*What to work on:*
Restrict the output to the lines below starting at the one that contains "Minky Woodcock: The" and ending at the one that contains "Brenda arocha", and restate them word for word, both ends included.

*Records shown:*
========

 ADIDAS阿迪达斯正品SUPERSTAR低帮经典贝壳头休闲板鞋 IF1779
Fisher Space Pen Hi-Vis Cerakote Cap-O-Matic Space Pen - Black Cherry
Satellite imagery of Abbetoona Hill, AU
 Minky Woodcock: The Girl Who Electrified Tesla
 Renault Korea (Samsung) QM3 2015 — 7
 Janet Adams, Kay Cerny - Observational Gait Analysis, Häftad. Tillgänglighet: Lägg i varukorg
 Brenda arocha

========

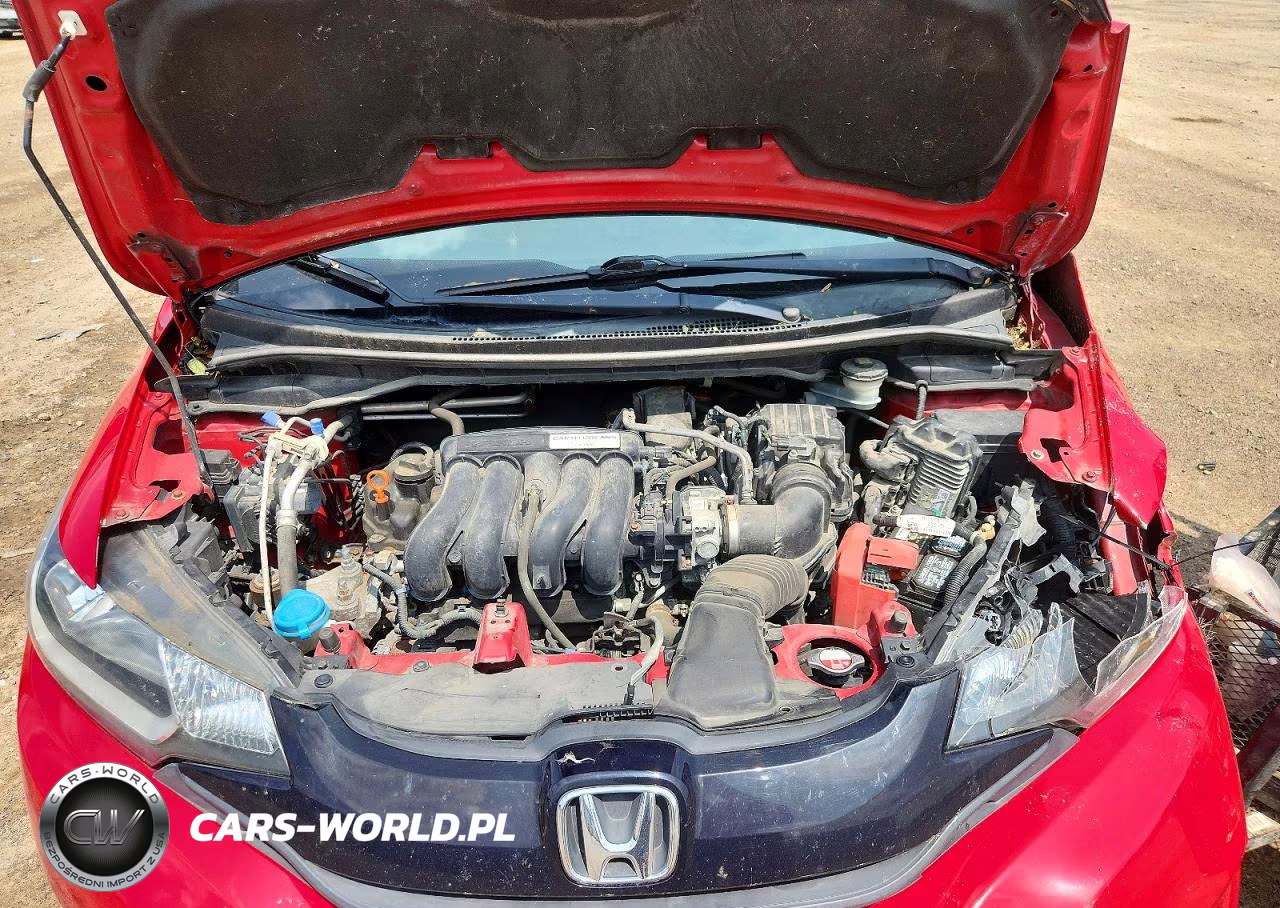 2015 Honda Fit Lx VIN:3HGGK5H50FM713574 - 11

========

*Result of this task:*
 Minky Woodcock: The Girl Who Electrified Tesla
 Renault Korea (Samsung) QM3 2015 — 7
 Janet Adams, Kay Cerny - Observational Gait Analysis, Häftad. Tillgänglighet: Lägg i varukorg
 Brenda arocha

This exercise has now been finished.